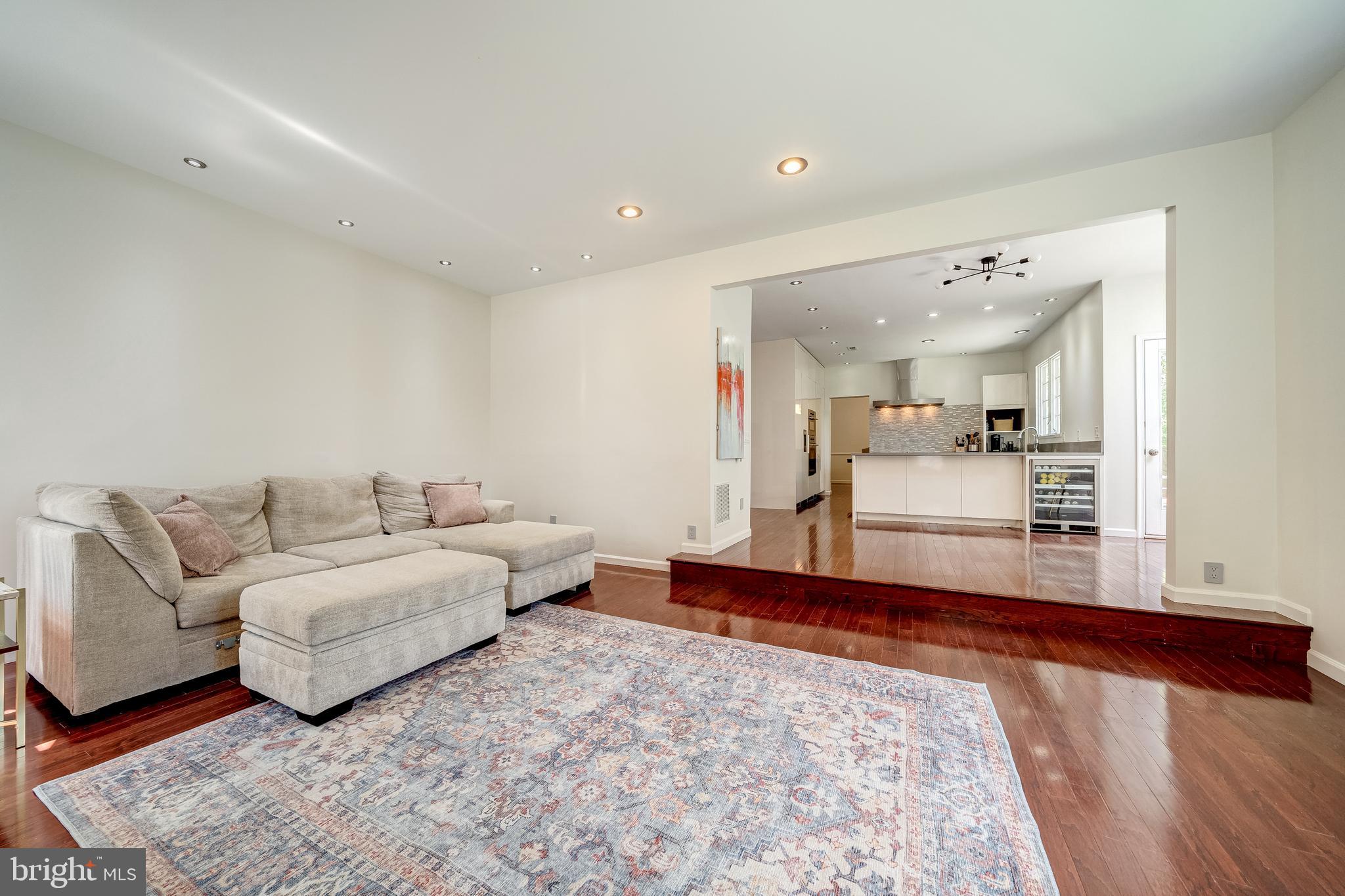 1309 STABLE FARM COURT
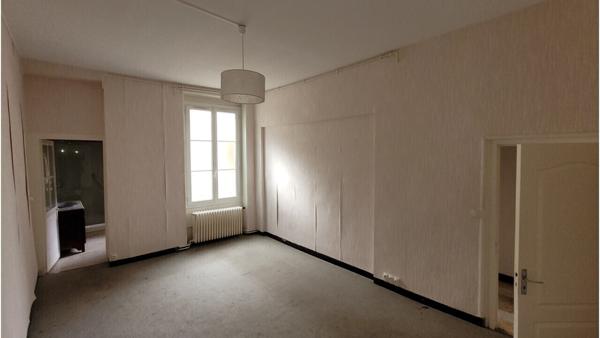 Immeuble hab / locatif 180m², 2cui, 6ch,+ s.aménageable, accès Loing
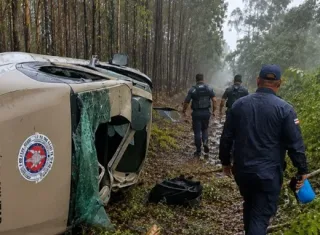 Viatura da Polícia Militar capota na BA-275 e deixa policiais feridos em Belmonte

# Required work:
Could the listing above be printed again in full, with every picture omitted?

# Result of the exercise:
 1309 STABLE FARM COURT
 Immeuble hab / locatif 180m², 2cui, 6ch,+ s.aménageable, accès Loing
 Viatura da Polícia Militar capota na BA-275 e deixa policiais feridos em Belmonte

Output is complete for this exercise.